Two issues in, and the Doctor’s newly-found Slitheen ally counts off the fact that they’ve lost two of their number on this quest to rescue a member of a species which if you remember your Season 2 canon, nobody remembers or has heard of. Humanity having ceased to exist back in 2025. Tensions are rising the further into the complex they go, and there’s a storytelling style developing that points increasingly to the featured team-member of any issue having to selflessly sacrifice themselves by the time the final pages roll along.

Welcome to Annie the Adipose.

Annie, like all junior Adipose, is adorably cute, with a single fang to mitigate against her squidgy snuggliness.

This, it turns out, is the bane of her existence, because the nature of the Adipose life cycle is to act parasitically and mutate the flesh (and frequently the bone and the organs) of other species into more Adipose, so they go through their lives as a journey from “Aww, how cute!” to “Ick, get away from me, you parasitical monster!”

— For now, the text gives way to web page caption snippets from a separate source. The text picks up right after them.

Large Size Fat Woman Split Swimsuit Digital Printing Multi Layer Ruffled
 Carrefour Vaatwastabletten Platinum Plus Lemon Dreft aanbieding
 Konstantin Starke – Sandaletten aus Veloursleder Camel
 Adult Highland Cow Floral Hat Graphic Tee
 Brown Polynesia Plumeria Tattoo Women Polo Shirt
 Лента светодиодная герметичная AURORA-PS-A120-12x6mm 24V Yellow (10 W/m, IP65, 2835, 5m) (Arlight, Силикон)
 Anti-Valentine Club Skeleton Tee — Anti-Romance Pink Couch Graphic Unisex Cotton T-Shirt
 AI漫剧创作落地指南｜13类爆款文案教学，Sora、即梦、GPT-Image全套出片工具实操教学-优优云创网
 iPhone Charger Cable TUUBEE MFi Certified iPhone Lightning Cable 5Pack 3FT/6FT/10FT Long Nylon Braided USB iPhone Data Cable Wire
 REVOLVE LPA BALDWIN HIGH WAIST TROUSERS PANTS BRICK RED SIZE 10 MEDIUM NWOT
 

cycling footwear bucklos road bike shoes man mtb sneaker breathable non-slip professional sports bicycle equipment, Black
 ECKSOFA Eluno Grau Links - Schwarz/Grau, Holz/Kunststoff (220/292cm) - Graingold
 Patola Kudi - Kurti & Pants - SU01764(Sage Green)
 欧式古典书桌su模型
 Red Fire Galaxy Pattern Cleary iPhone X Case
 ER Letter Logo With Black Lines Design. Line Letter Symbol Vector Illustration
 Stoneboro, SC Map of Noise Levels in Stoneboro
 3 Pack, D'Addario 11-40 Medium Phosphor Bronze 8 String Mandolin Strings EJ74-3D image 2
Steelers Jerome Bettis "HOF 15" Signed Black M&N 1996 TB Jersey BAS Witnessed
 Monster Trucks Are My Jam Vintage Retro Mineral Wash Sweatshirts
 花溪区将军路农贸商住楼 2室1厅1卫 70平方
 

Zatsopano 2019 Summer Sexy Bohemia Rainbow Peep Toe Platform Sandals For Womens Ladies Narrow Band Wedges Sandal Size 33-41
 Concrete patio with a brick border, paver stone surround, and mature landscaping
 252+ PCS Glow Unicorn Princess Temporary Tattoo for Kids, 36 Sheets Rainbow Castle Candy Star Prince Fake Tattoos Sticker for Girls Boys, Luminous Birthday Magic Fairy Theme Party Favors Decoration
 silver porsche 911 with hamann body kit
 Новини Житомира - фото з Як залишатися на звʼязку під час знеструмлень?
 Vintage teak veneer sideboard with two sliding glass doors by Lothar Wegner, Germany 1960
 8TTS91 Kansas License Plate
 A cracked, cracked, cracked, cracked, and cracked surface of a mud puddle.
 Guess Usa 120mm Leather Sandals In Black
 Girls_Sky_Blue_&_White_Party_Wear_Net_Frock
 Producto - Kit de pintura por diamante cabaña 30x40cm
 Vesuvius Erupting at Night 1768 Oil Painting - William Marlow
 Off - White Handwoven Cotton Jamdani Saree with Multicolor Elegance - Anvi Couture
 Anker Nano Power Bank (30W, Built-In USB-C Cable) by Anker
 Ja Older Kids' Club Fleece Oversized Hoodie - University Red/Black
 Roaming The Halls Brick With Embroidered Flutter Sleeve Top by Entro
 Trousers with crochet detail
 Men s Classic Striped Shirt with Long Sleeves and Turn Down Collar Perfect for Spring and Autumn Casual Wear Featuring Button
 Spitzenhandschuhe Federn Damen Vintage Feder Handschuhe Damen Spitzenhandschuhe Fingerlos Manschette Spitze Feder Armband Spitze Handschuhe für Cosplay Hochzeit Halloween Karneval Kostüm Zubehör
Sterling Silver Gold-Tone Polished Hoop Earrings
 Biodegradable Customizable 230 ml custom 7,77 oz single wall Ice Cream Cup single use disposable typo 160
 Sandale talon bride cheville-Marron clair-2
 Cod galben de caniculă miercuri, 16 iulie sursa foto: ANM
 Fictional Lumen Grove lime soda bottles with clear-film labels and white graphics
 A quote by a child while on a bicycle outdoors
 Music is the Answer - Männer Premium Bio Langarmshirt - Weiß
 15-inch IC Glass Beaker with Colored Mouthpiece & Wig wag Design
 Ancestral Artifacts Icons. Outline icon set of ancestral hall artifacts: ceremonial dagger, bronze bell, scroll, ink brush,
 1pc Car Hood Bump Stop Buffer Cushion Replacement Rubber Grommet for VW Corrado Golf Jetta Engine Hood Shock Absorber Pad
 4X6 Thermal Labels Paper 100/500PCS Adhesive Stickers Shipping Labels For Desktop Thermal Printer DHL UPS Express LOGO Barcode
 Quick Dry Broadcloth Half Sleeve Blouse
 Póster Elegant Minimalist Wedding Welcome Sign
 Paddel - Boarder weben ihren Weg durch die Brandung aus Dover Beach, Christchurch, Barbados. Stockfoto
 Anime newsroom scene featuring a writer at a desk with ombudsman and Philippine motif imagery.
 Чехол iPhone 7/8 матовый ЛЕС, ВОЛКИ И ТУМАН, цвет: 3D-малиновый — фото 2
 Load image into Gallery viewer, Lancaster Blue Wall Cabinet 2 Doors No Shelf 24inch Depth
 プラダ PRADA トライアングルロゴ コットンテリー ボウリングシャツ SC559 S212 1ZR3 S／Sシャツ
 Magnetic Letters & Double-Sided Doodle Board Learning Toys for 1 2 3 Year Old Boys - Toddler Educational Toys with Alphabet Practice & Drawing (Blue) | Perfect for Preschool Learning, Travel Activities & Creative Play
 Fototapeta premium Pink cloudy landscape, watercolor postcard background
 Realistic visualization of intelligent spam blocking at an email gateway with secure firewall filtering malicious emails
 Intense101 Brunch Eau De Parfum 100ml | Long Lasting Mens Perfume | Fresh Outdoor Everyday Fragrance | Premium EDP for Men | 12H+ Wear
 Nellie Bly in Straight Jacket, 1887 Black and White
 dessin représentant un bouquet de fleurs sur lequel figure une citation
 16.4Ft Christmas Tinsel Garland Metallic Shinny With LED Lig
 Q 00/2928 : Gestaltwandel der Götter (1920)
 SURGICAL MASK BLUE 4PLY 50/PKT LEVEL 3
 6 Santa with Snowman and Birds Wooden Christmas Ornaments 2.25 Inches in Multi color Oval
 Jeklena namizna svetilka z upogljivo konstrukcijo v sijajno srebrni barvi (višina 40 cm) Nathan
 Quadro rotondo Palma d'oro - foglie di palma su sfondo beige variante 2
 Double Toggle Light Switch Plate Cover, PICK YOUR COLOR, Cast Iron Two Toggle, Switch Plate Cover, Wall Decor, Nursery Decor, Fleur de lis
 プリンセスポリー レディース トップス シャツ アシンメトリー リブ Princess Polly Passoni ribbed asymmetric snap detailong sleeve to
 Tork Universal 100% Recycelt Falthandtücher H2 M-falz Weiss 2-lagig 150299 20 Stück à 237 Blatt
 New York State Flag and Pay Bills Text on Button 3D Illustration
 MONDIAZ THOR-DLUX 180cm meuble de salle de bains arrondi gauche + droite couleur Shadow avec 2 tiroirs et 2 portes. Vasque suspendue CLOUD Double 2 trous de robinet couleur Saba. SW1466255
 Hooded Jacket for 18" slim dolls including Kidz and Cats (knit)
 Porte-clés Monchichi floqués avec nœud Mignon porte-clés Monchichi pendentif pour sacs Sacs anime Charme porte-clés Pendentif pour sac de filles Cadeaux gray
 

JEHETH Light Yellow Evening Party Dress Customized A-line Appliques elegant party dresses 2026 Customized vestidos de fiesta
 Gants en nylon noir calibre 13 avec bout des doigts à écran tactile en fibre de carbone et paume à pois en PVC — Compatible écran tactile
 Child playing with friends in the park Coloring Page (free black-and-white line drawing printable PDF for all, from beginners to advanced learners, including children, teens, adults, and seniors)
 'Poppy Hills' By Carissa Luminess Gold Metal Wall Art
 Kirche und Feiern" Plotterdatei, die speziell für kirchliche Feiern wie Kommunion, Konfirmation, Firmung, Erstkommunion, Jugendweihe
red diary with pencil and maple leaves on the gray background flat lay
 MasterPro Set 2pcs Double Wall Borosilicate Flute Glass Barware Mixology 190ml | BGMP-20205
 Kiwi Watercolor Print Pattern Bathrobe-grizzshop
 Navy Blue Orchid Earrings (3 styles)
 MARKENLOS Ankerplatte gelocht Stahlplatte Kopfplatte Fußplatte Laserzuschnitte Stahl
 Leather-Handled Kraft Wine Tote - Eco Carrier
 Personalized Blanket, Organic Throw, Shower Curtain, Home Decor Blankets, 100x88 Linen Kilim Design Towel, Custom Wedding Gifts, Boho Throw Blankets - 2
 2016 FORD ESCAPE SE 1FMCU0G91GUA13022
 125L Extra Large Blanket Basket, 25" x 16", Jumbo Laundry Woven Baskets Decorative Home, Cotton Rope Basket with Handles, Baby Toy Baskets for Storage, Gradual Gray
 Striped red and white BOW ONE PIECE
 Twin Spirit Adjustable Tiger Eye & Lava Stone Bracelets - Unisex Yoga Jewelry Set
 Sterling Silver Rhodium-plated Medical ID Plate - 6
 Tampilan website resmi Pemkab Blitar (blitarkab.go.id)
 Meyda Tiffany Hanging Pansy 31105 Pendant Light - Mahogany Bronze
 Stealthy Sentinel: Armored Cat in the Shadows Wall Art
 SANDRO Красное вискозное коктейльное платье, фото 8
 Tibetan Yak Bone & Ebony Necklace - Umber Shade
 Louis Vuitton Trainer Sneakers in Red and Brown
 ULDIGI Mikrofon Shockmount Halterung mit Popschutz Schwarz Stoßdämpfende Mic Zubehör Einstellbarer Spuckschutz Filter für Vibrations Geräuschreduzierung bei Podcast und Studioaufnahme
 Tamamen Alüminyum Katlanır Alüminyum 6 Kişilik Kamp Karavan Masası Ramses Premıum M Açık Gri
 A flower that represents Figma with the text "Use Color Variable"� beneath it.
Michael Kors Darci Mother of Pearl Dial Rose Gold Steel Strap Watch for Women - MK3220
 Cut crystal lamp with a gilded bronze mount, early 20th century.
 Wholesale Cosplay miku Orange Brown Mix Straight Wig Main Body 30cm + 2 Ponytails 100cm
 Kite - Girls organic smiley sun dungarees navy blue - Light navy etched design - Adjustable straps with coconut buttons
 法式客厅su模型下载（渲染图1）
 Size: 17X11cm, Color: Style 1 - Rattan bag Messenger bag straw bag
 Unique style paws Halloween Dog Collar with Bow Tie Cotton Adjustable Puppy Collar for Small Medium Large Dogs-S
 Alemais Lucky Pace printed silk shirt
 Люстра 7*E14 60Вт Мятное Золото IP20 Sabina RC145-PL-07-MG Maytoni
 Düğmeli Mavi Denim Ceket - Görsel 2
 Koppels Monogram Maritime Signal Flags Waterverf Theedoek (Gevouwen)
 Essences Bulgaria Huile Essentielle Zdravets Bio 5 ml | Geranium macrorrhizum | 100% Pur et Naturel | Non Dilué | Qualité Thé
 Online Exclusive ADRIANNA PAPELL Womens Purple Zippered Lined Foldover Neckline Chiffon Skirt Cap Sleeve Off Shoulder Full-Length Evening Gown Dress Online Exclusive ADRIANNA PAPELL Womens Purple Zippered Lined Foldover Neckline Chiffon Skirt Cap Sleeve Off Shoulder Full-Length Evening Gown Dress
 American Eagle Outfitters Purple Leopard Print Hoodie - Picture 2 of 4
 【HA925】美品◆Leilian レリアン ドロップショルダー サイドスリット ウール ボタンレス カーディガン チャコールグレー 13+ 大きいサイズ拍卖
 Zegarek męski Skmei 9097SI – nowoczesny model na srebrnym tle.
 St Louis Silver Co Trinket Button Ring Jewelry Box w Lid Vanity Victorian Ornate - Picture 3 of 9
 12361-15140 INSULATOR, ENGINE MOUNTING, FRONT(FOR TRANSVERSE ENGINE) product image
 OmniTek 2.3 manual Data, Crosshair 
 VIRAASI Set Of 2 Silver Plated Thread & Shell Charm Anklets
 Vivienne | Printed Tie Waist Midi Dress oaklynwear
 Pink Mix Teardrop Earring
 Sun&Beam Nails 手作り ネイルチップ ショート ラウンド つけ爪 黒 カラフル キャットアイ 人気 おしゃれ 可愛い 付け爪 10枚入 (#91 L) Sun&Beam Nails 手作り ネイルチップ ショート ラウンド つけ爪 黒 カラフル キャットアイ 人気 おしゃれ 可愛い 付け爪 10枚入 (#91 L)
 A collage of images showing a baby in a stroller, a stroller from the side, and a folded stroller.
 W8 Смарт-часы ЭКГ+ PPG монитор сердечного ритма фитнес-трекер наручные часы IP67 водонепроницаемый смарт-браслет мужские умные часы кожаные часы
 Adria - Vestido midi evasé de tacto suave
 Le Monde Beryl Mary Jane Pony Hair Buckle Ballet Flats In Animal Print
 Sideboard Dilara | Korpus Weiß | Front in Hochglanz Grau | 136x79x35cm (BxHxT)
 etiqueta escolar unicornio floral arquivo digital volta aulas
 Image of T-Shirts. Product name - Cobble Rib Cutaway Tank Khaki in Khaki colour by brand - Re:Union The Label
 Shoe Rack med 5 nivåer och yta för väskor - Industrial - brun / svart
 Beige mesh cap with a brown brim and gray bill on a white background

There’s at least one big storytelling trick missed in this issue, in that Annie is portrayed as a baby Adipose, as seen in Partners In Crime, despite having the experience of many rides along the journey from cute to monstrous. That means we still never get to see what a fully-grown Adipose looks like – unless we’re inferring that they remain at about the same size and cuteness throughout the whole of their lives. 

The Cutie-Pie Killer

That seems to be what writer Dan Watters is getting at, because in fairness to him, he does his best to turn on-screen realisation into an emotional backstory for the species as a whole – this ongoing ennui about the journey they go through, from cuteness to horror – and a particular if slightly vague explanation of how Annie the Adipose comes to find herself in both bad company and the most impregnable prison in the galaxy. 

Do You Smell Gas?

The main threat this issue is a new zone of the prison where a couple of entirely gaseous life-forms have been imprisoned. There’s some fairly glorious riffing on Ninth and Tenth Doctor eras here, both in terms the cast – one Slitheen, one Adipose – and in terms of the visuals and themes. There are a pair of venomous gas-creatures out to possess some more technically useful material bodies, Gelth-style, and there’s a big spinny air conditioning fan thing gone wrong, making the whole zone hotter than hell, instead of nicely chilled.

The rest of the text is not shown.